That changed in the 1980s, when the already shaky boat-construction industry all but evaporated. “The last major boat—an America’s Cup winner named Freedom—was built in 1980,” says Barbara Burn Dolensek, the vice president of the City Island Historical Society. A former sailmaker’s loft was converted to apartments, while the site of a shipping yard became the Boatyard, a condo building. Despite these changes, the enclave retains much of its maritime roots. Dolensek devotes her time to preserving the area’s history at the City Island Nautical Museum(190 Fordham St at King Ave; 718-885-0008, cityislandmuseum.org), which displays artifacts and documents that detail the neighborhood’s founding.
Shopkeepers uphold the area’s aquatic past in their own ways. John Persteins, who runs Trader John’s (239 City Island Ave at Schofield St, no phone), fills his shop with model sailboats, nautical rope and a display case of fishing reels.
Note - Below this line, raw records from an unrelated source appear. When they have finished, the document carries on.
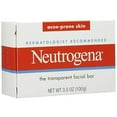 thumbnail image 1 of Neutrogena Face Cleansing Bar - Acne Prone - 3.5 oz, 1 of 2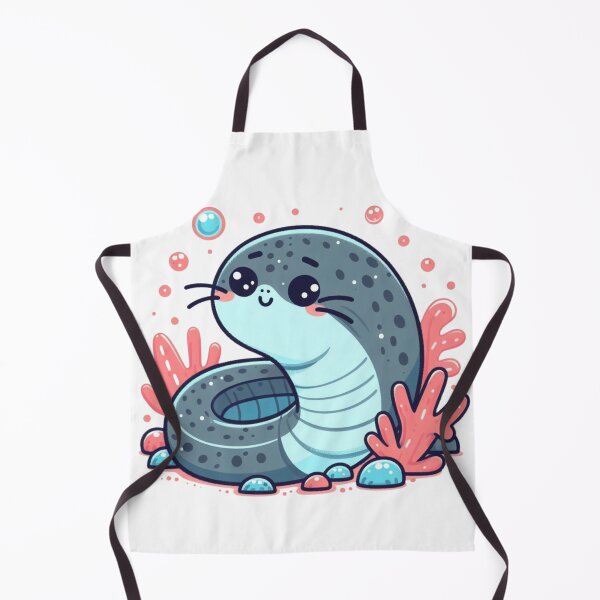 Item preview, Moray Eel designed and sold by Azrora.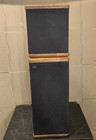 Set Of 3 Dcm Speakers  2 Halftime Satellite Speakers And 1 Doubletime Subwoofer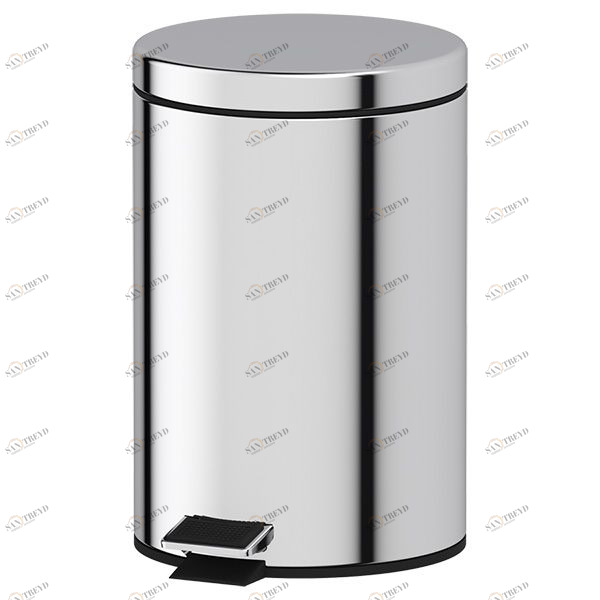 Ведро с педалью 7L Santreyd JBS 003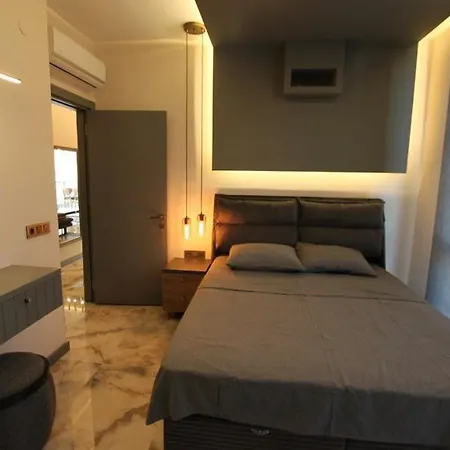 Apartmán Smart IV 6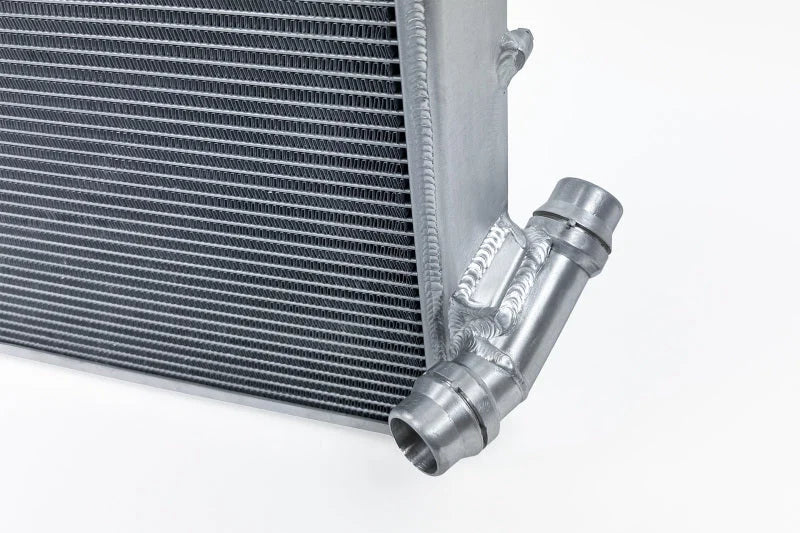 CSF High Perf Left Aluminum Radiator fits 2019-2026 Porsche 911 992.1 / 992.2 3.0LT BASE / T / S / 4 / 4S / GTS / 4 GTS - ...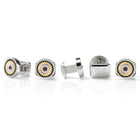 Gear Amethyst Stone 5-Studs - SARTORO921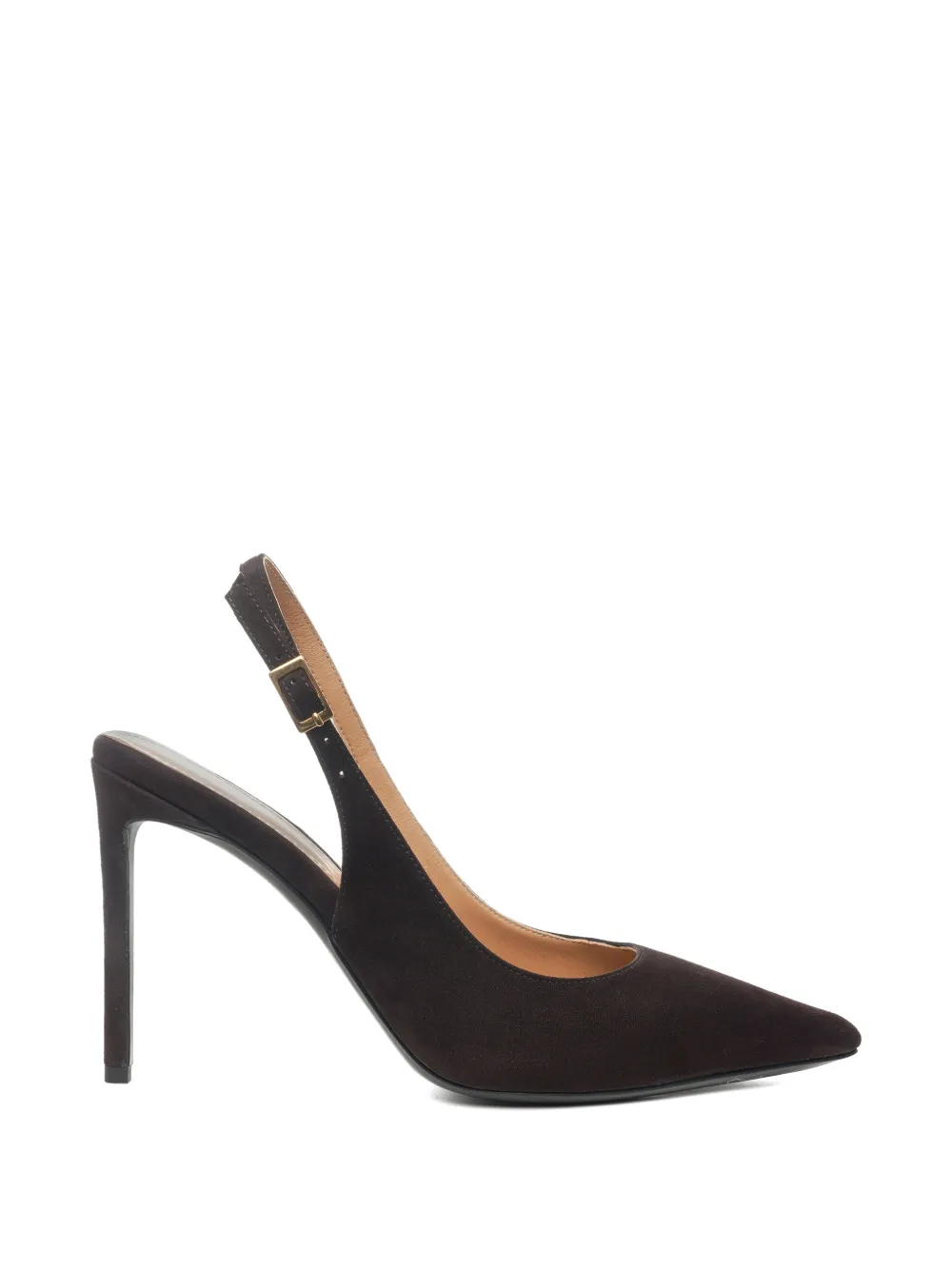 GINISSIMA Lavinia slingback pumps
Jack’s Bait & Tackle (551 City Island Ave at Cross St, 718-885-2042), open since 1945, also showcases lures and fishing equipment. But the store’s most prized possessions are two striped bass—weighing in at 58 and 62 pounds—caught in the Long Island Sound and now mounted on the wall.
Many longtime residents have no intention of abandoning their island in the city. “Leave? Are you kidding me?” says Dolensek. Other denizens seem to echo her appreciation for the balance between city life and more far-flung suburbs that the isle affords. “[And] you don’t need a ferry to get here!”